家庭菜園・きほんの「基」肥料編

指導◎岡本 保(JA全農 肥料研究室技術主管)イラスト◎かとうともこ

「わくわく菜園づくり」でおなじみの菜園田ファミリー。東京都内のマンションに住んでいた大地、若菜さん夫婦は美味しいものが大好きで、休日は二人で食べ歩きをしていました。子どもができたのをきっかけに素材の野菜作りから楽しもうと、東京都郊外の庭付き一戸建てに引っ越しました。娘のナナちゃんと息子のアグリくんも畑でのお手伝いが大好きです。
ナナちゃんは虫がちょっと苦手、アグリくんは何でも手づかみするいたずらっ子ですが、種まきや水やりがとても上手です。
これから家庭菜園を始めようというビギナーさん必見!野菜作りの基本のきを紹介します。マスターしたら、本誌の「わくわく菜園づくり」を参考にチャレンジしてね。

菜園田ファミリー
菜園田ファミリープロフィール
  • お父さん:大地(ダイチ)35歳
    お母さん:若菜(ワカナ)33歳
  • 長女:菜菜(ナナ)8歳
    長男:阿久利(アグリ)4歳
  • ペット犬:ユズ(♂)
    ペット猫:アズキ(♀)

Qコマツナやホウレンソウなど生育期間の短い野菜と、ナスやトマトなど生育期間の長い野菜では、土づくりや肥料のやり方は違いますか?

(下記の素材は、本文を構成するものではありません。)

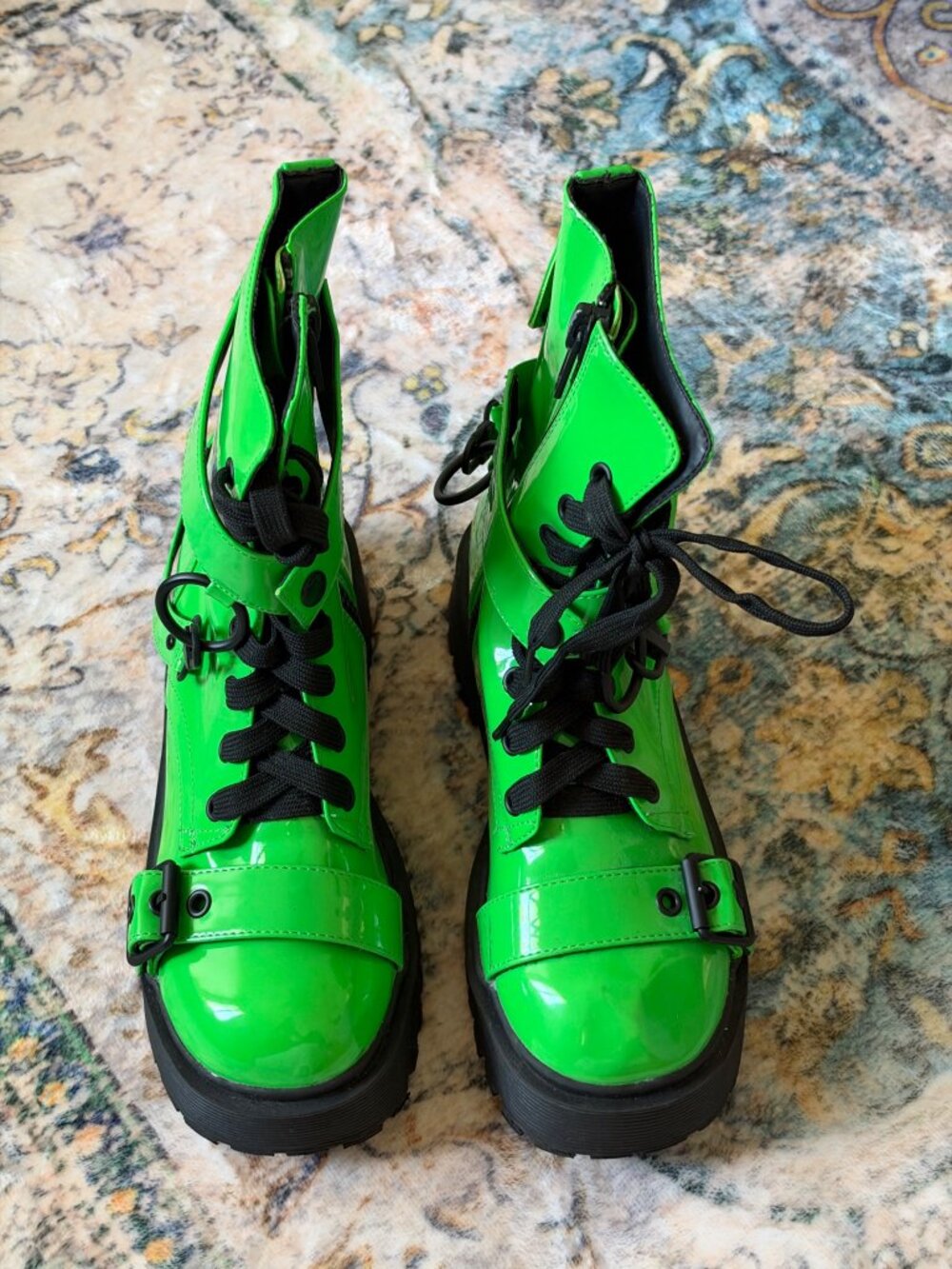 Current Mood Neon Green Patent Platform Combat Boots Size 7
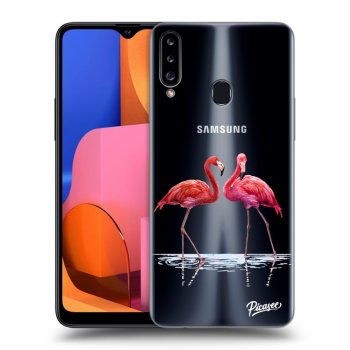 Picasee silikonový průhledný obal pro Samsung Galaxy A20s - Flamingos couple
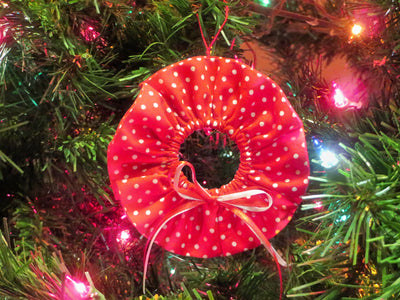Handmade Red And White Polka Dot Wreath Ornament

A最も大きな違いは肥料のやり方で、元肥重点か追肥重点かという違いです。コマツナやホウレンソウなど生育期間の短い野菜は、早く肥料を効かせるために元肥重点で施肥し、追肥は省略する場合が多いです。これに対してナスやトマトなど生育期間の長い野菜は、茎葉を伸ばしながら次々と花を咲かせ実を太らせるため、肥料を長く効かせる必要があり、追肥重点の施肥を行います。これらの野菜は茎葉の生育や花の咲き方、果実の太り方などをよく観察し、少量ずつこまめに追肥を行うことがコツです。
 土づくりのやり方には、野菜の種類による大きな違いはありません。基本的には年に一回で良いので、1m2あたり完熟堆肥1kg程度と苦土石灰100g程度を施用して、深く耕してください。